On the morning of the country’s roundest birthday, the capital woke to temperatures climbing towards 40C (104F) and humidity near 80 per cent, all but deserted, as though it were a summer Thanksgiving. There was no traditional parade along the National Mall this year, and the few early risers crossing the esplanade had travelled in from other parts of the United States.
AT ODDS WITH MADRID
The evening’s most striking passage, at least from a European vantage, concerned Spain. Running through a list of military glories, Trump pointed to a banner he said flew atop the US flagship after the navy “sank the Spanish fleet to the bottom of Manila Bay” in 1898, which he called one of the greatest naval victories in history.
He then drew the comparison he had been building towards, likening it to sinking “the entire Iranian navy, 159 ships” in a single moment. The White House put the number of Iranian vessels destroyed at between 155 and 159, a claim that has not been independently verified.
The jibe at a long-defeated Spanish fleet landed as Trump’s administration has been openly at odds with the current one. Washington’s ambassador to NATO, Matt Whitaker, said the President was unhappy with Spain over its refusal to let US forces use the Rota and Morón bases during the war with Iran, known to the US as Epic Fury, and over Madrid’s resistance to the alliance’s goal of spending 5 per cent of output on defence.
The Spanish Government under Prime Minister Pedro Sánchez has yet to set out a credible path towards that target, Whitaker said. The complaint surfaced shortly before a NATO summit due to open in Ankara on July 7-8, the first since 32 allies agreed at The Hague in 2025 to lift defence budgets towards the new benchmark. Spain also restricted the use of its airspace during the operation.
THE PARTY, EVACUATED
The centrepiece events went ahead, though not without upheaval. A storm forced the evacuation of the National Mall shortly before the start, with the Metropolitan Police and the Secret Service directing spectators towards nearby metro stations and open museums.
The heat wave that had gripped the east coast for days put about 150 million people under alerts. Freedom 250, the Trump administration group organising the celebrations, called off the Independence Day parade planned for the Mall and cut the hours of the Great American State Fair, which opened late. Philadelphia, where the Declaration was signed in 1776, scaled back its main events, as did roughly two dozen towns along the east coast.

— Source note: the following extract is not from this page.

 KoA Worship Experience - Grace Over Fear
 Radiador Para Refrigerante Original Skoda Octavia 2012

The aerial programme was cut short too. The new Air Force One, a refurbished former Qatari Boeing 747 that had entered service only days earlier, passed over at about 7.30pm escorted by four F-22 Raptors, just as the Mall was being cleared. Earlier the crowd had seen the Thunderbirds’ eight F-16s over the capital for the first time in the team’s 73-year history, along with the veteran B-52, the B-1B and the stealth B-2 bombers, F-22 and F-35 fighters and the Blue Angels’ F/A-18s.
The Salute to America 250, set for 7pm, did not begin until about 10.45pm. Trump, who took the stage shortly after 11pm, had promised on July 1 in North Dakota to give “a really long speech … just to show that I can do anything”. In the event he spoke for under 40 minutes. Close to midnight, what organisers called the largest fireworks display in the country’s history, some 850,000 shells over 40 minutes, lit the sky against the lightning.
NOT A HOME CROWD
The elements aside, the politics of the capital did little to help Trump’s Fourth of July in the country’s foremost progressive stronghold. Washington gave him about 6.5 per cent of its vote in 2024, against roughly 90 per cent for Kamala Harris. In neighbouring Maryland, Democratic governor Wes Moore delivered a rival address from Annapolis, while left-wing groups protested at the “politicisation” of the anniversary.

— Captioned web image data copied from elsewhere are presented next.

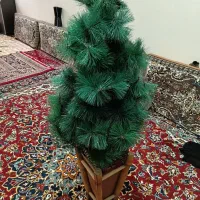 درختچه ی گل مصنوعی کریسمس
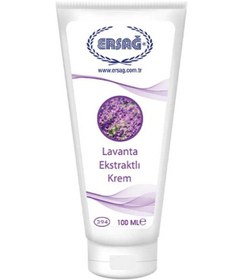Resim Ersağ Lavanta Ekstraktlı Krem 100 ML 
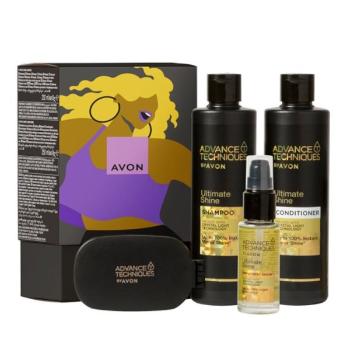 Avon Set cadou pentru strălucirea radiantă a părului Advance Techniques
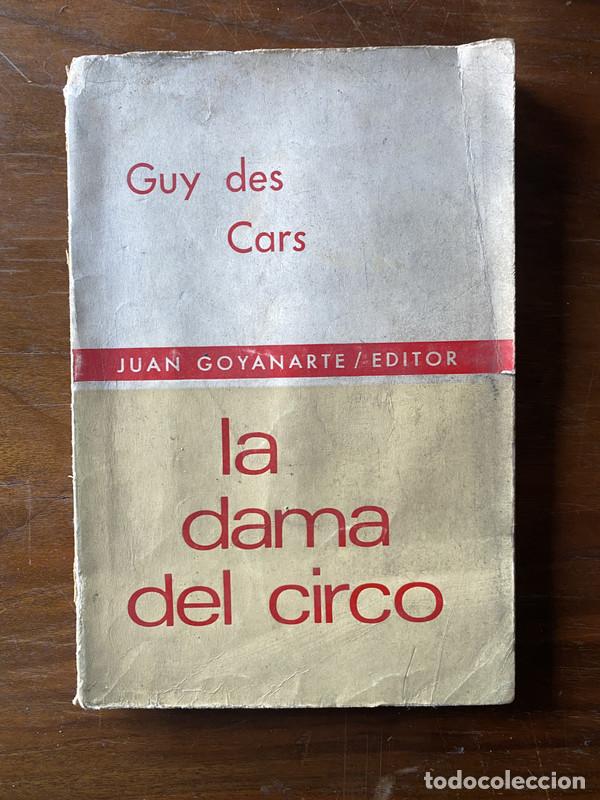 Libros: La dama del circo - Cars Guy des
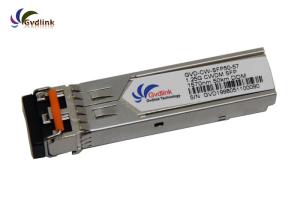 Wholesale 1570nm 50km CWDM-SFP50-1570 DOM SFP Fiber Transceiver Module from china suppliers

Polling averages put the President’s approval at around 38 per cent, near the lows of his second term, weighed down by the war with Iran and rising energy prices.
That Washington woke emptier than expected owed to the heat, to the politics and to the nature of the city itself. Fewer than half of its residents were born there, and many used the holiday, observed on July 3, to travel, in what forecasters called one of the busiest road weekends of the year.
Though the weather nearly stopped it, Trump marked the anniversary in a Washington without its residents, peopled briefly by patriots faithful to the tradition of celebrating the Fourth in the capital and by MAGA supporters proof against heat, inflation, wars and storms.